崩した文字で「むふ」と書いて『はな』と読みました。
戸籍もそんな崩した文字で記入されていました。
昨年のブログに詳細に書いています。紹介します。
その日は、仕事で休日出勤して提案書を作成していて「そのた」と入力して変換すると「その墓」と表示されて、縁起でもないなぁと思いつつもう一度「そのた」と入力すると「その墓」と出てくる。
電話が鳴ったので出ると、妻から「おばぁちゃんが、今、亡くなったって、病院から電話」とありました。
私は、もの心が付いたときから小学校の2年生まで祖母と二人で暮らしていました。
両親の記憶は殆どありません。特に父親の記憶は皆無に等しい。小学校の3年生のときに、初めて家族全員で暮らしたことを覚えています。祖母は1892年だったかな、明治27年に生まれたので19世紀の人です。20世紀の後半に亡くなったわけですね。92歳の天命でした。
おおよそ100年近く生きてきて、子供のころ、関東大震災の話や戦争体験、そして戦後初めて婦人に参政権が与えられて初めて選挙に行った時のこと。
新婚当時は、前田公爵のお屋敷で若様養育係りをしていた祖父との話や、面白い話題をずいぶんと聞きました。
祖母の話を聴いていると、作家の「戸部銀作」という方の紹介記事を読むと、この人も親戚なんだなぁと分かります。

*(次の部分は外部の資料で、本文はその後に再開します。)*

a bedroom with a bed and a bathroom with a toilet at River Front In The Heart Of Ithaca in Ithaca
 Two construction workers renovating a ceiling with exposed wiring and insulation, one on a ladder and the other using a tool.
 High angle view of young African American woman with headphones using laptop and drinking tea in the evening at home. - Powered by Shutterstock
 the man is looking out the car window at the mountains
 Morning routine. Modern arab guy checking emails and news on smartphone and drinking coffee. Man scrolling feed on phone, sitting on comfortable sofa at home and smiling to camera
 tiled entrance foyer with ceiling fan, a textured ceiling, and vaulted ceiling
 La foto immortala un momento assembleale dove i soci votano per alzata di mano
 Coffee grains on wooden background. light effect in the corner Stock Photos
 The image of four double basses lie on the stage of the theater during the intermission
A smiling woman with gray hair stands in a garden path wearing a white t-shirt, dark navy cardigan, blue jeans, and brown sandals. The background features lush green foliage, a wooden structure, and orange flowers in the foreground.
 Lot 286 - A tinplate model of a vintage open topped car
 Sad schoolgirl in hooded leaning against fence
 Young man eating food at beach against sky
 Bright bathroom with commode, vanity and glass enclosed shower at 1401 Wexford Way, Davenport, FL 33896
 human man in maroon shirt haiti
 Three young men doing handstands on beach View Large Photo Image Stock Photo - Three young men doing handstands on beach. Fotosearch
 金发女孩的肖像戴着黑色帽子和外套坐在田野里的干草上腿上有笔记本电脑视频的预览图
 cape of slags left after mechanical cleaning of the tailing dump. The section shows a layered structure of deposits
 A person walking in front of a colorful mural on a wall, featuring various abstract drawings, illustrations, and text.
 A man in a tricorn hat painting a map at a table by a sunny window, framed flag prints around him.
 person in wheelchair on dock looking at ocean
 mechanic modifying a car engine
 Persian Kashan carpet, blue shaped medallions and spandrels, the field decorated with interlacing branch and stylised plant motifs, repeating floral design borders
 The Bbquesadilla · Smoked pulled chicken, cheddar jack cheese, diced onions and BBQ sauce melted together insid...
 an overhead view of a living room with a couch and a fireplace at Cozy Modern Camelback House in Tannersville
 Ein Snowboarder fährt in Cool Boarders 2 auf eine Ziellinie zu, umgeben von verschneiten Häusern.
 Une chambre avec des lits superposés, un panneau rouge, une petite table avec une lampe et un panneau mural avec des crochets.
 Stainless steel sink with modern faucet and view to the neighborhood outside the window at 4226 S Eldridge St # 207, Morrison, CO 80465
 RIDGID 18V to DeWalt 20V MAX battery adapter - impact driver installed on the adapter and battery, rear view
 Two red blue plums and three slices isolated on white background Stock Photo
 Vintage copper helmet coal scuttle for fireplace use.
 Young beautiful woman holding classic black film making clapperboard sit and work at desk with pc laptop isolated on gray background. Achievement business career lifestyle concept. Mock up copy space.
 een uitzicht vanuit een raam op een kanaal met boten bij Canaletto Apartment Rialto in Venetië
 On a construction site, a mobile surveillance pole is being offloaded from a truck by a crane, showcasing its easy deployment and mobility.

祖母の話は、いづれ書きたいと思っています。
そうそう前田さんは、祖母によるとお殿様と読んでいたとか。またNHKの会長だった前田氏が祖父が教えていた若様だったとか。何だか江戸時代からつい最近までの凝縮した人生を垣間見た感じ。
子供のころの話ですから、殆ど覚えていませんがテレビで歌の番組で流れていた曲を聴いて、この歌を作った上原げんとと言う人は、学生時代に家に下宿していたよとか言っていましたね。
あと、私が学校を病気で休んだとき、学校に欠席届けを出すと「風邪を引き候」とか、崩した字体で学校でも所謂草書体を読める先生もあまりいなかったように思います。なにしろ候文ですからね。確か国語の先生が担任の先生に翻訳していたように記憶しています
祖母を火葬場から骨壷に移し自宅に戻る間、ひざの上に置いた骨壷から伝わる暖かさは、今でも思い出すことが出来ます。